What with one thing and another, I have been thinking about storms. Perhaps it was the frenzy in the supermarket last Friday as everyone stocked up with food, milk, water - anything - in preparation for the impending power outages as snow would start to fall early evening of the same day. It was predicted to last for tens of hours, and who knew what might happen.
Maybe it was watching at the window as sheets of snow fell endlessly under dark grey skies. It brought out the best in us: Cooking up a large pot of nutritious and delicious soup; or neighbors teaming up to dig each other out of piles of snow in driveways and on sidewalks.

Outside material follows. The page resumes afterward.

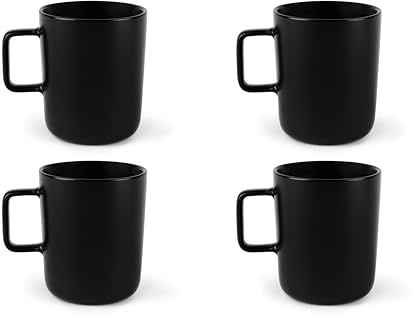 Excelsa Nordic Set med 4 koppar svart mugg, keramisk stengods, kapacitet 320 ml.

Forced to stay indoors I met new challenges: Like how to just do nothing; or finding myself like a robotic, zombie sitting on the couch in front of the television screen staring at hours of weather reports.
Last night I dreamt of high seas and rolling waves. Especially the kind of tsunami like wave that rises up high suddenly and crashes over walls swallowing up crowds. I woke up and lay quietly in bed wondering about storms. The calm or frenzy before, and picking up the pieces to return to old routines after. Are we always just the same after a storm? Or have we learned anything? Did the trauma or exhilaration change us? Or do we pick ourselves up and move on as if nothing happened?

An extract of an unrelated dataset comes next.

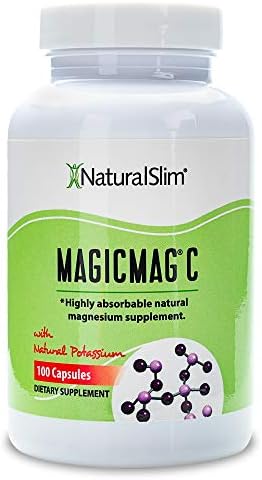 NaturalSlim MagicMag C Magnesium Citrate Capsules – Magnesium Supplement with Natural Potassium | Sleep Support, Heart Health, and Muscle Cramp Relief | Gluten-Free, 100 Capsules (1 Pack)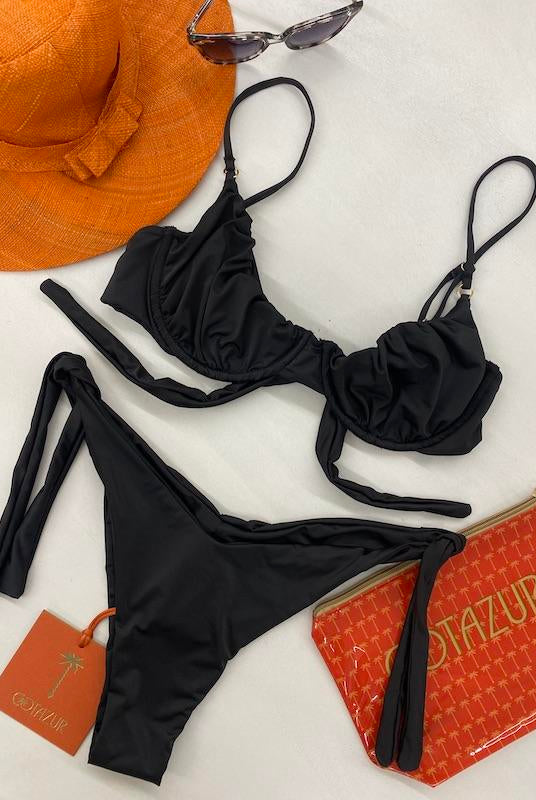 Bikini Donna Cotazur Balconcino in Microfibra Nero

I am always amazed at how I survive over and over again. I have lived through snow, rain and thunder storms; divorce and death storms; health scare storms; breaking up with darling friends; or losing people I never thought I would lose. Storms within and without. Each time picking up the pieces has a different feel. Sometimes I limp for awhile or stretch out bruised hands from bashing at piles of ice blocking access to our driveway. There have been times when my heart felt broken, and I feared I would never smile again.
After the storm there are torn and broken azalea plants or trees with shattered limbs, and yet when the sun shines feebly through the weakening clouds, I seem to rise up over and over again, returning to old, familiar routines ... feeding the cats, watering plants, answering telephones and texts ... and face the new day with some small, renewed sense of patience, understanding, or, even wisdom.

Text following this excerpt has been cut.